In its bid for state approval of its pending $1.2 billion acquisition of Care1st Health Plan, Blue Shield has submitted to regulators written statements that contradict what it told authorities who audited its tax exemption.
The inconsistency regards Blue Shield’s public benefit obligations. Seeking to fend off a requirement to show that the acquisition would benefit the public, Blue Shield's general counsel wrote to the Department of Managed Health Care in April that Blue Shield’s organizational structure makes clear that the nonprofit has no public service duty.
However, in defending its tax exemption as a “social welfare” organization, Blue Shield assured state auditors that its structure guaranteed that it would function exclusively for the benefit of society. (Full details on the inconsistency are in my letter to the DMHC.)
Telling tax authorities one thing and health plan regulators another is part of a double game Blue Shield has been playing for a long time. The object is to reap the tax benefits and other privileges of being a nonprofit without having to serve the public good.

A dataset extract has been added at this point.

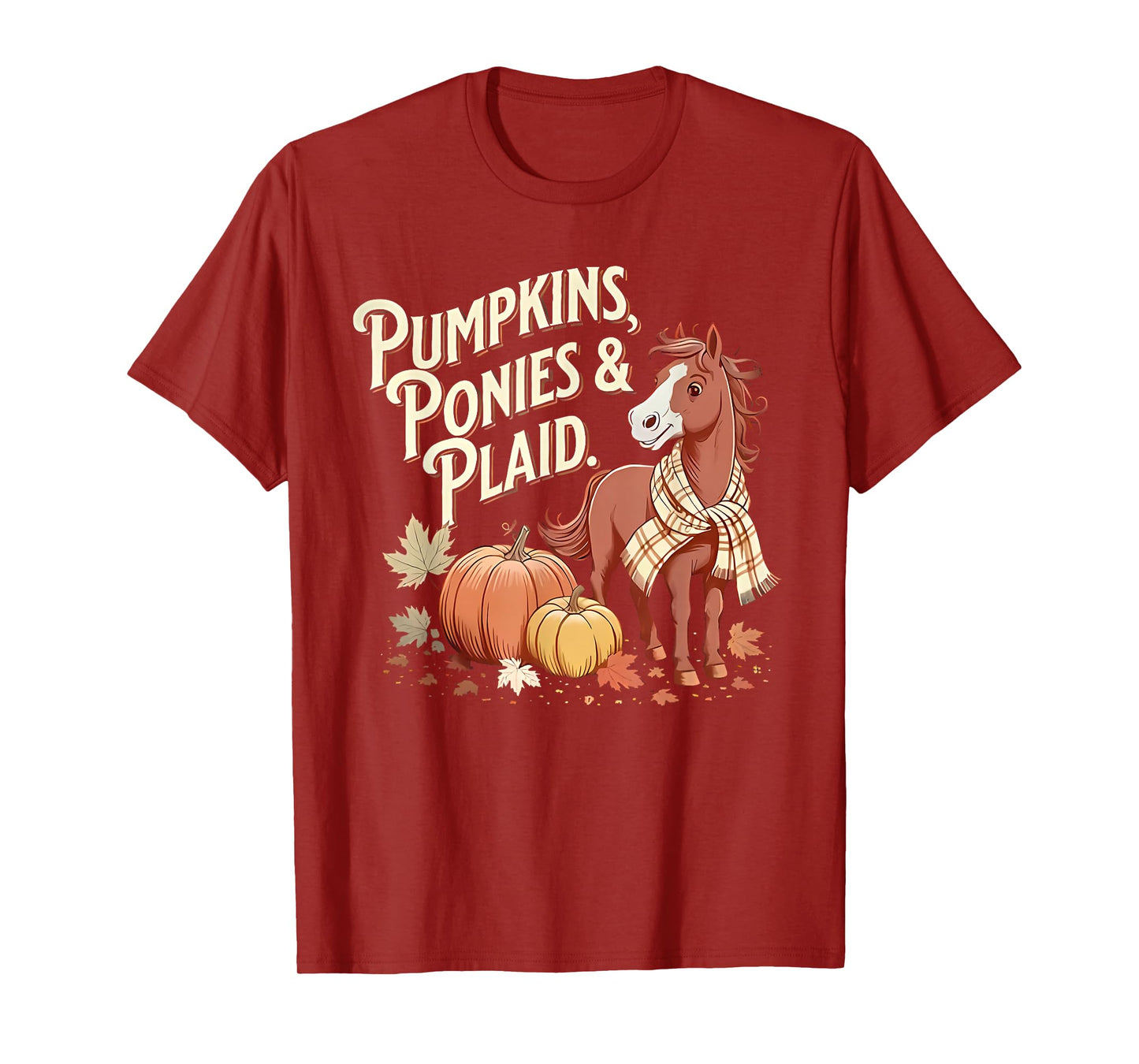 Pumpkins Ponies & Plaid T-Shirt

Evidence of Blue Shield's scheming is visible also in the difference between how the health plan describes itself publicly and in legal filings. On Facebook, Twitter and Instagram, Blue Shield is “Not-for-profit, for community.” That’s also what its customers hear, like CalPERS did last year. Blue Shield has even used its most prominent board member, former Secretary of Defense Leon Panetta, to trumpet the message that “Blue Shield is focused on the long-term welfare of the entire community.”
But in legal filings, such as the recent letter to the DMHC, there’s no mention of commitment to the community. Instead, Blue Shield describes itself as a "mutual benefit" corporation whose only obligation is to its own members, not the public. (Never mind the fact that Blue Shield's bylaws provide that the corporation has no official members.)

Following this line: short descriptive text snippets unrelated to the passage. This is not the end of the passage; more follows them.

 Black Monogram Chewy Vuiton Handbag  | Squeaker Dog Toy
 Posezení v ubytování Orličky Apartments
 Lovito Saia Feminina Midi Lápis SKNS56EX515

What's the real story? Getting to the truth is going to require that Blue Shield, for starters, publicly release its written communications with the state tax agency, including the audit findings that resulted in revocation of its tax exemption. Since Blue Shield is "for community" its executives should be happy to help clear things up.
But if Blue Shield won’t do it voluntarily the DMHC should force them to. And until those documents are in hand, the DMHC should put the review of the Care1st acquisition on hold.